Roland Barthes, em “O rumor da língua”
Ou seja, a linguagem não é só descritiva. Esta visão da linguagem como ação, que Barthes apontou naquele texto de 1966 e em seus seminários, reverbera também no início dos anos 70 no Chile, com o conceito de autopoiese de Humberto Maturana e a explicação de como se dá o fenômeno do conhecer, ou seja, como o ser humano se define, cria e modifica por meio de sua organização, comportamentos, ideias - o que passa necessariamente pela linguagem.
“O mundo das descrições e explicações do observador é um mundo de modos de convivência gerador de objetos perceptivos, no qual o observador surge como um deles ao surgir a linguagem [1978]. Daí a potência geradora e transformadora do mundo que têm a linguagem e as explicações que nela se dão.” [1987]

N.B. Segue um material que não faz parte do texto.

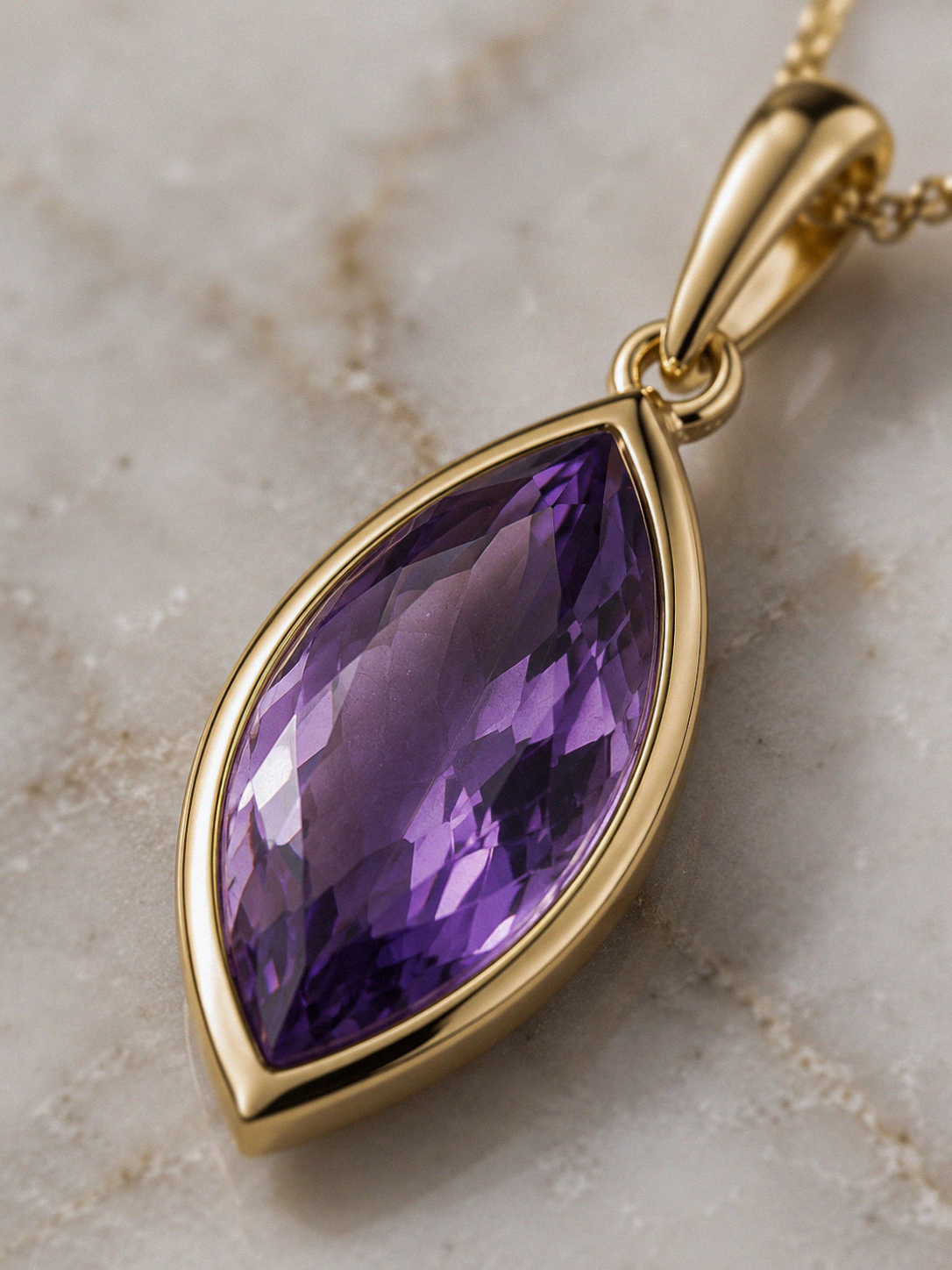 9ct Yellow Gold Flame Cut Amethyst Pendant Necklace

Humberto Maturana, em Ontologia da Realidade
Assim como o conceito do observador de Maturana, o autor também pode ser lido como um papel que surge da linguagem e nela opera, coordenando seu viver, pois é a instância que decide quais ações serão realizadas e quais serão descartadas.

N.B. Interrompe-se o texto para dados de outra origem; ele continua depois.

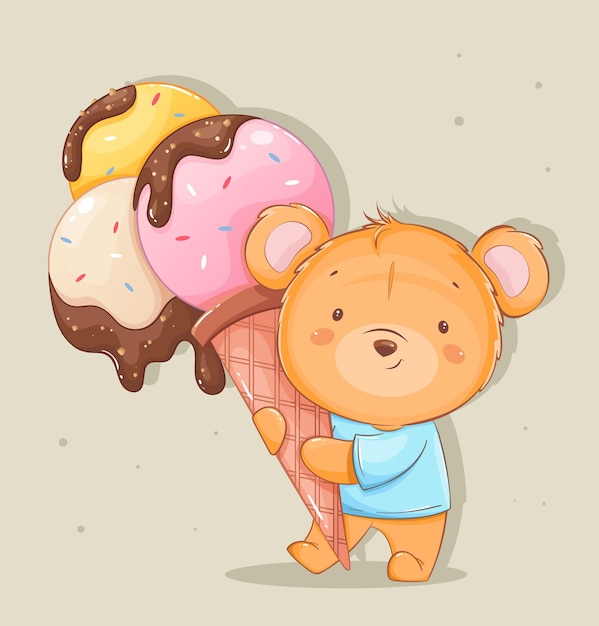 Cute little bear cartoon character with big ice cream funny teddy bear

Nesse sentido, o autor pode ser entendido como instância que intervém e manifesta o verbo que usa. E esse fazer não é restrito ao escrever, mas a qualquer verbo que implique sua subjetividade e singularidade –, aproxima-se desse observador de Maturana, que coordena ações e gera mundos a partir da linguagem.
Maturana propõe o verbo “linguajear” para se referir ao ato humano de estar na linguagem. Então podemos brincar com o verbo “autorar” para definir a prática de quem, como autor, dedica-se a um ou mais fazeres que imprimam traços da construção de si: seu estilo, seu ethos, sua ética.

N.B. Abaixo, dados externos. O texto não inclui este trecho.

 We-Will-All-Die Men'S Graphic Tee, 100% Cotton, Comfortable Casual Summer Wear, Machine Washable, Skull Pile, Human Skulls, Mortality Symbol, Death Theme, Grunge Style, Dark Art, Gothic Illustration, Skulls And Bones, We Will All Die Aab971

No artigo “Autoria em regeneração: Barthes e o potencial da linguagem”, publicado na Revista Criação & Crítica, edição 30, de 2021, investigo esse “autorar” como ética em Roland Barthes, professor, semiólogo, escritor e filósofo que é referência fundamental para pensar o que é ser autor ainda hoje.
Nesse artigo, revisito a questão da autoria através da narrativa do que se faz com a linguagem, para além de ler e escrever. Proponho a autoria como uma qualidade de disposição e ação. E que é por meio dela que potencializamos a composição da nossa vida.
Sugiro uma ética da autoria, que inclui esse processo de construção da autonomia, através da reintegração da subjetividade, sem se encaixar em contornos impostos, nem a obrigação de repetir modelos ou mestres.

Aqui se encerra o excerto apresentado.